Rapid 2026 Shows Pragmatic & Practical Side of AM Industry
4/23/26, 4:00 PM
Walking into the Rapid + TCT exhibition halls in Boston felt like a shock of energy, the hum of conversation, the clack of demos, and the unmistakable jolt you only get when an entire industry is gathered in one place. Exhibition booths were steadily busy, sessions were informative, and the floor was a constant negotiation between scheduled meetings and spontaneous, high-value conversations. There was a real sense of momentum, not just new hardware announcements, but an appetite for the next phase of additive manufacturing qualification and pragmatic adoption. Below are the key themes I walked away with: affordability and accessibility, maturity, familiarity, and scalability.
Affordability & accessibility lead to democratizing capability
A running theme at Rapid was how industrial technologies are becoming meaningfully more affordable. That’s not just pricing theater; it’s lowering the barrier to entry for real production use-cases.
Prepare to see a lot more about Mastrex and the MX100, a desktop LPBF system advertised at roughly $39,000. Positioned as the affordable alternative to legacy LPBF systems, Mastrex offers the same quality and performance without the price tag. How is that even possible?

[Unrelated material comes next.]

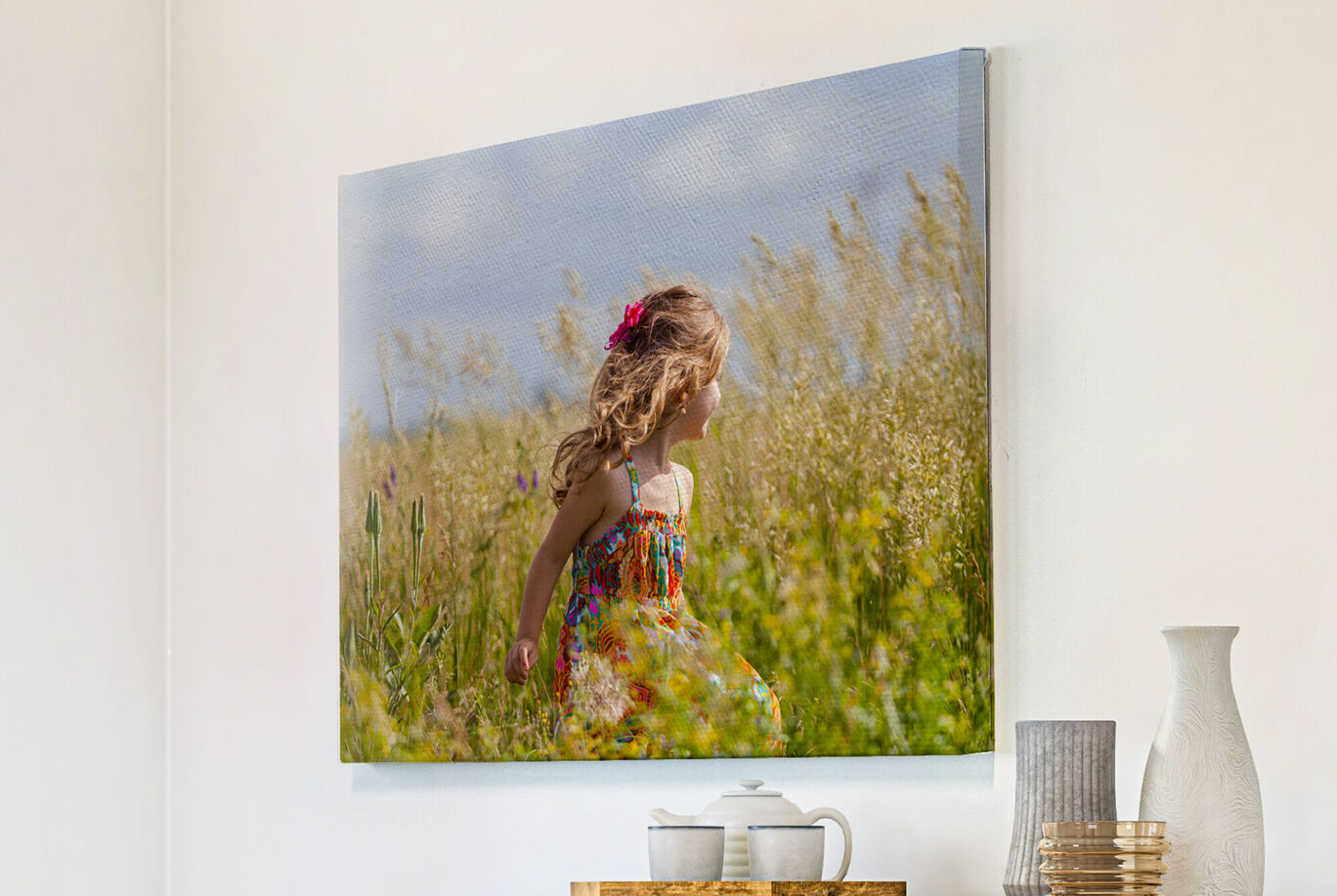 Une fille joyeuse avec des boucles blondes portant une robe colorée court à travers un champ fleuri.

For the past twelve years, Mastrex has honed its laser technology and is now entering the market with a range of platforms that are roughly 50% more cost-effective and compatible with stainless steel, titanium, cobalt chrome, aluminum, and Inconel. By leveraging decades of technological advancements, Mastrex is poised to enable broader adoption and access across academia, research, machine shop manufacturing, and critical part development.
The pitch is about enabling new design-to-part loops, shortening iteration cycles, and making metal AM a practical option for smaller teams.
On the polymer production side, HP introduced the MJF 1200, a sub $60,000 desktop-class production workhorse. Those familiar with multi-jet fusion technology are aware of its strong build economics and high-quality output, which have made it a major market leader in additive manufacturing.
HP’s quality pedigree and print ecosystem meeting a price point under sixty grand is significant. Historically, “HP-quality” meant enterprise dollars; now it signals a viable bridge between bench-level experimentation and scaled production, particularly for companies chasing consistent surface finish, tight tolerances, and materials breadth without the large capital outlay.
Maturity with sinter-based additive manufacturing
Sinter-based AM, or SBAM, had a notable presence at Rapid, and the conversations were less speculative and more tactical. This is the domain where debinding and densification realities meet supply-chain and qualification pressures. We seem to be advancing beyond the exaggeration of market dominance and entering more practical approaches. A common thread is the qualification of new materials and the importance of green part production & sintering operations.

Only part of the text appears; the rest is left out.